Entry details

Curzon
Author

Curzon

Date

April 5th, 2006

Tags

Comments

21 Comments so far.
Add yours.

Talking Turkey

Bilingual education spreads Chinese to ethnic minorities
03/29/2006
Kazuto Tsukamoto, The Asahi Shinbun

BAXKERAM KANT, China—At an elementary school on the outskirts of an oasis town along the Silk Road, Chinese authorities are carrying out a unique cultural experiment. In one of the classrooms of this white, one-story school house, 47 students in the fourth grade are reading their “national language” textbook in a loud voice. The language is Chinese. However, all of the children are members of the Uyghur ethnic minority. At home, they speak the Uyghur language. Located in the town of Baxkeram Kant in the western part of the Xinjiang Uyghur autonomous region, the school is attracting notice as a pioneering bilingual school, in which children of a minority people learn subjects not in their own language but in Chinese.

The last thing anyone in Xin’jiang needs is a “cultural experiment” courtesy of the Chinese authorities. And while the leftist Asahi tries to bill this as progressive “bilingual education,” many would call it nothing short of cultural imperialism or Hanification. But that’s not the main point of this post.

All of the 532 students are Uyghur, an Islamic people whose ancestors are said to have come from Turkey.

Not quite. Yes, Uyghurs are Turkic. But the Turkic peoples came from Central Asia, probably near the Altaic Moutains stretching between eastern Kazakhstan and Mongolia. What we now call Turkey is geographicalyl referred to as Anatolia or Asia Minor and was once the sparring grounds between Greeks and Persians. Turks have been in Turkey barely a millenia, and the Turks in western China have been there markably longer than the Turks in Anatolia.

SIDENOTE: A friend notes that if the Uyghurs, who’ve been in western China for at least 2,000 years, really did come from Turkey, they would be Greek.

Comments to this entry

Nathan Hamm
April 5, 2006
7:43 am
So I guess that the folks at Asahi most certainly don't subscribe to the notion that Japanese is a distant relative of the Altaic languages, suggesting perhaps common (extremely distant) ancestors with Uyghurs who, of course, came from Turkey (and certainly not the Altay).
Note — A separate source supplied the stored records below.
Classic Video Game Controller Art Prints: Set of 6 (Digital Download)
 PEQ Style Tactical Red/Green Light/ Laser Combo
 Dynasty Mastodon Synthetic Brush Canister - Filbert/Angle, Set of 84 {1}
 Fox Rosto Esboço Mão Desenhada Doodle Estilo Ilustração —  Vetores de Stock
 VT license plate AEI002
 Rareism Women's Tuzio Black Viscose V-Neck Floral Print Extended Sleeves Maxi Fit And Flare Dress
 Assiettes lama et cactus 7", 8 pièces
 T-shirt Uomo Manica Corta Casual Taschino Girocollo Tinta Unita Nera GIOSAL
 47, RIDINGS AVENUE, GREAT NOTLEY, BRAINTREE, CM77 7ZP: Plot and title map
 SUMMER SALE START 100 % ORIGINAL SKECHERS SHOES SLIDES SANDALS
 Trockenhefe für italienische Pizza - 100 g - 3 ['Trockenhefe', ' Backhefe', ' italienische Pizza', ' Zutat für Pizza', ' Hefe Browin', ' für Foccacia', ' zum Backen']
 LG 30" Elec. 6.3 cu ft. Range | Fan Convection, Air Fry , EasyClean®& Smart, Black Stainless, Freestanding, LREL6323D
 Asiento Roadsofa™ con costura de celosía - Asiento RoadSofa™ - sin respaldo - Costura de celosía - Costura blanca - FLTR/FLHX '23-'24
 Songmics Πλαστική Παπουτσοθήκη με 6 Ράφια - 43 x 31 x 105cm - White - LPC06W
Actually this kind of reminds me of how Turks will, at times call other Turkic languages things like "Uyghur Turkish" or "Kyrgyz Turkish" as if they all trace back to the "true" form of the language as spoken in Turkey.
Curzon
April 5, 2006
8:04 am
So I guess that the folks at Asahi most certainly don't subscribe to the notion that Japanese is a distant relative of the Altaic languages


Something tells me that this theory would be way, way over their heads.

"Uyghur Turkish" etc is weird, but "Uyghur Turkic" is kosher, no? Turks (from Turkey!) I've spoken to were all well familiar that their ancestors had migrated to the bridge between Europ and Asia from the steppe.
R. Elgin
April 5, 2006
8:52 am
The Chinese would never try to bury another culture -- the same Chinese, who are wise and honorable men . . .
snow
April 5, 2006
10:17 am
A theory in linguistics claims that Korean (and Japanese) comes from Altaic, which ties it to Turkic, Mongolian and Finnish of all things!? If it's true, they are distantly related and there appear to be few connections left nowadays. I hear that Korean and Japanese are very different as well, though Koreans say it is quite easy to learn Japanese (much easier than English). I'm not sure why this is, though I've heard it claimed that it has to do with similar sentence structures and the use of Chinese Hanja and Chinese vocab, in common.
Matt
April 5, 2006
11:21 am
Excellent. I love geography/history/linguistic posts like these.
Dan tdaxp
April 5, 2006
1:34 pm
I'm not sure why this is, though I've heard it claimed that it has to do with similar sentence structures and the use of Chinese Hanja and Chinese vocab, in common.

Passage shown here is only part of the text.